それゆえ従来の岩井俊二ファンの多くが戸惑いを隠せない一方、「自分(たち)の物語」として『リリイ・シュシュのすべて』の衝撃に思春期でぶち当たった世代――いま20代から30歳付近の作り手たちが、同作の影響をそれぞれ消化・昇華する形で、先行世代の文脈とは異なった新しいクリエイションの流れを生んでいる。

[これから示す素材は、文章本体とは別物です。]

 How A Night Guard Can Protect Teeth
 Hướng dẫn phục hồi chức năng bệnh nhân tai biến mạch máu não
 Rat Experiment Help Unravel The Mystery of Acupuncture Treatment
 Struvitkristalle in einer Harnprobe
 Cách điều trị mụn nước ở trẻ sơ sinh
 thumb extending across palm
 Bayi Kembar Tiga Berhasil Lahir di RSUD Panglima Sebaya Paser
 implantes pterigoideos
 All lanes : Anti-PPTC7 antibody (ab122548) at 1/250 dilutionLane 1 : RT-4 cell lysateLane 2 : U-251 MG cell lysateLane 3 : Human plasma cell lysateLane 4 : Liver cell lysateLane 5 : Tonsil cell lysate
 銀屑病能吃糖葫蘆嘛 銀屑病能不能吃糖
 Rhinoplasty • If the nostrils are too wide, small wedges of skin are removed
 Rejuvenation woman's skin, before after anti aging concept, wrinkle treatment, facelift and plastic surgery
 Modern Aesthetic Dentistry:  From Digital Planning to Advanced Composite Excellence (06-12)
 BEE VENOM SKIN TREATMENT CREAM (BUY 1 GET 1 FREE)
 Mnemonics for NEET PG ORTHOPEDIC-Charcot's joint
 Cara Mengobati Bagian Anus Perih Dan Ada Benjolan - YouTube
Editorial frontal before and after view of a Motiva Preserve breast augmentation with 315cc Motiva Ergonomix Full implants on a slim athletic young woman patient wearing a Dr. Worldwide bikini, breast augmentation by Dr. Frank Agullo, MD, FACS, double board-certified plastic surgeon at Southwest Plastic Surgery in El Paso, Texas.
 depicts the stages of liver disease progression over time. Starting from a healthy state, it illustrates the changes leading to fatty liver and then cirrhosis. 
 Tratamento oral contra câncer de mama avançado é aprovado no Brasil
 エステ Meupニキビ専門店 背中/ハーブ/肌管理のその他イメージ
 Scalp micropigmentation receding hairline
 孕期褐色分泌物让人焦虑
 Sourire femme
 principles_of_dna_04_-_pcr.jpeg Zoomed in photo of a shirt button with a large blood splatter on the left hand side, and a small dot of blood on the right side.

『リリイ・シュシュのすべて』©2001 LILY CHOU-CHOU PARTNERS


 例えばMOOSIC LAB 2013のグランプリ受賞を経て劇場公開となった『おとぎ話みたい』(2013年)や、ジョージ朝倉原作で興収7億円超えのスマッシュヒットになった『溺れるナイフ』(2016年)の山戸結希(1989年生まれ)。彼女は中学生の時にWOWOWでたまたま観た『リリイ・シュシュのすべて』が、映画表現の凄さに触れた最初の決定的な体験だったという。松居大悟(1985年生まれ)はクリープハイプの楽曲とのコラボという形を取った映画『自分の事ばかりで情けなくなるよ』(2013年)で、田園風景の中にポータブルCDプレイヤーを持って佇む少年というオマージュ的な画を登場させた。そして最も熱烈に同作のフリークを公言しているのが、MOOSIC LAB 2017の観客賞受賞作『少女邂逅』が今年(2018年)劇場公開された枝優花(1994年生まれ)。彼女もまた中学生の頃に本作を観て、登場人物全員が自分のようだと思い、映画監督への道を初めてイメージするようになったらしい。『少女邂逅』で音楽を務めた元「転校生」名義のシンガーソングライター、水本夏絵ともやはり同作からの強い影響でつながっている。彼らは皆、『リリイ・シュシュのすべて』チルドレンなのだ。